一番打问,年轻人是一概不知道。偶然见到一位老者在自家门楼前吃饭,上去搭讪,聊了起来。老人家八十四岁了,身体硬朗,红光满面,戴一副非常罕见的古董级的铜腿水晶石头镜。他的儿女们都在城里,他一个人在老家看院子。老人家记性好,爱说爱聊;他还记得解放时,国民党溃兵路过小村,翻过秦岭,一路南逃的景像,那年他十三岁。
光顾得聊天了,连老人家姓啥都忘了问。正聊着又来了位老汉 ,七十五岁,也是中气足十的架势,嘴里老叼着一杆铜制旱烟锅。他说纸烟不够劲,自己种点旱烟就啥都有了。
这是一杆三铜老烟锅;说是紫铜的烟杆,黄铜的烟锅,青铜的烟嘴。也是件稀罕物。与这两位老人家聊天很有意思 ,从老川普到疫情,从盖房到买车,家长里短,柴米油盐。话语中得知;村里基本上家家都是小楼,而且有车的不少,已经没人骑摩托车自行车了,中老年人则是骑个电瓶车。从他们嘴里我知道了,这些年农业生产发生了天翻地覆的变化,集约化、规模化、专业化生产已成当今农村的主要经营模式。
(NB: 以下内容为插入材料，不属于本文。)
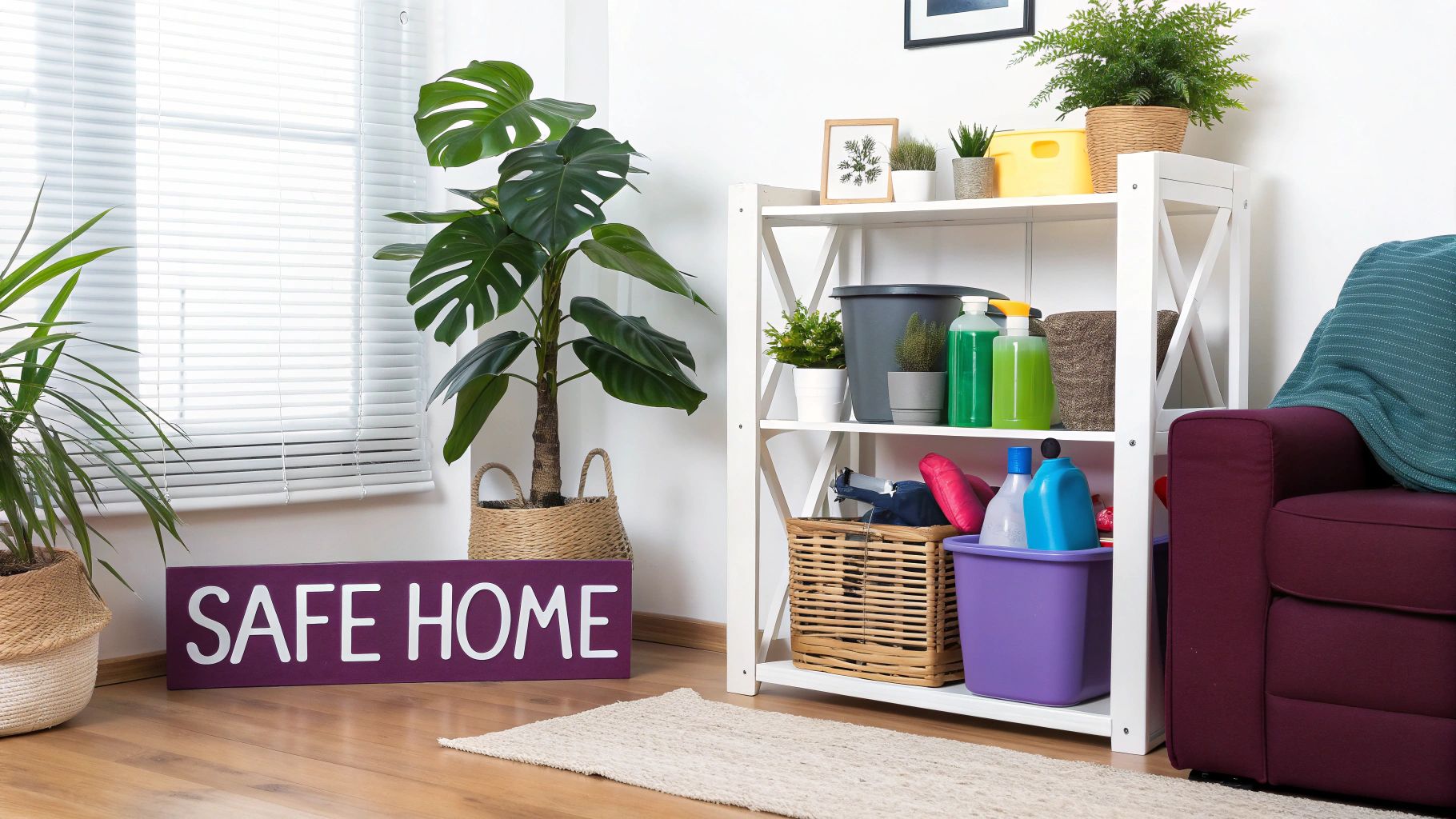 A curious cat peeking out from behind a piece of furniture in a cozy home.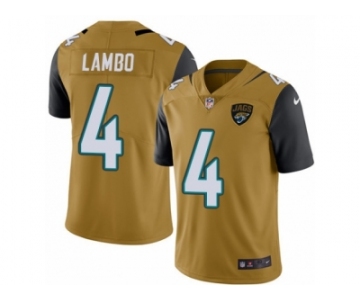 Men Nike Jacksonville Jaguars #4 Josh Lambo Elite Gold Rush Vapor Untouchable NFL Jersey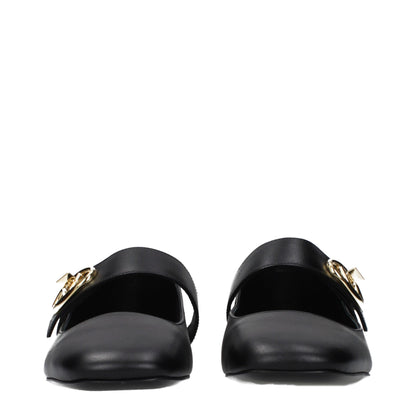 Black Leather Ballet Flats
他们村里的土地大量种植的既不是粮食也不是蔬菜,而是白皮松树苗;而西安市的城市园林景观建设提供了巨大的市场需求。还有成片的大棚里种的是价值更高的玫瑰花。
这些老人家每天都要去地里转转,干点杂活。他们身体特棒的原因除营养大大改善以外;勤于劳作,知足达观,开朗乐道,真情本份是他们保持健康的根本原因。
两位老者对眼下的日子很满意,“吃穿不愁,不用做啥,国家还有补贴”,感恩思报溢于言表。
老人家上午去菜地里转了转,两点才吃晌午饭。一个人的饭食也简单,就是馍馍加上一碗炒芹菜,生活富足但仍然节检朴素。经两位老者的指引,終于在一大排新建小楼中找到这处唯一遗留的老房子。
九间房的最后一间老房子,夹在两座新房子中间显得很憋屈。土墙黛瓦,木门木窗,三开间,前后院,典型的关中民居老房子。
这些门牌保留着岁月的痕迹。 屋里有点乱,但这椽子搭的架板楼,席棚顶,真实的再现了四五十年前,关中农村的模样。 后墙上堆满了居家的杂物。 大铁锅、柴火灶、土风箱,时光晃忽回到五十年前。 脚底下的瓦罐是腌咸菜窝浆水的必备傢伙。女主人说这是她们家蒸的“黑馍”,就是农家传统的用老酵头蒸的馍馍,尝了尝,微酸带甜,还真是当年的老味道。
架子车还保留着,女主人说盖新房子时还要用。她们家还保留了不少老物件,像早年间用的织布机,缝纫机都还在。 前墙下是“焦胡基”垒的,这种焦胡基比一般胡基薄些,打好后还要用火烤过,这样就有一点防水功能,用在墙沿下。现在农村已很难见到了。
九间房最后的老房子也将被拆掉,取而代之的是又一座小楼。而九间房这个地名则成为纯粹的历史记载而流传下去。
一叶随风
2020.4.9 游荡于蓝田九间房村是记。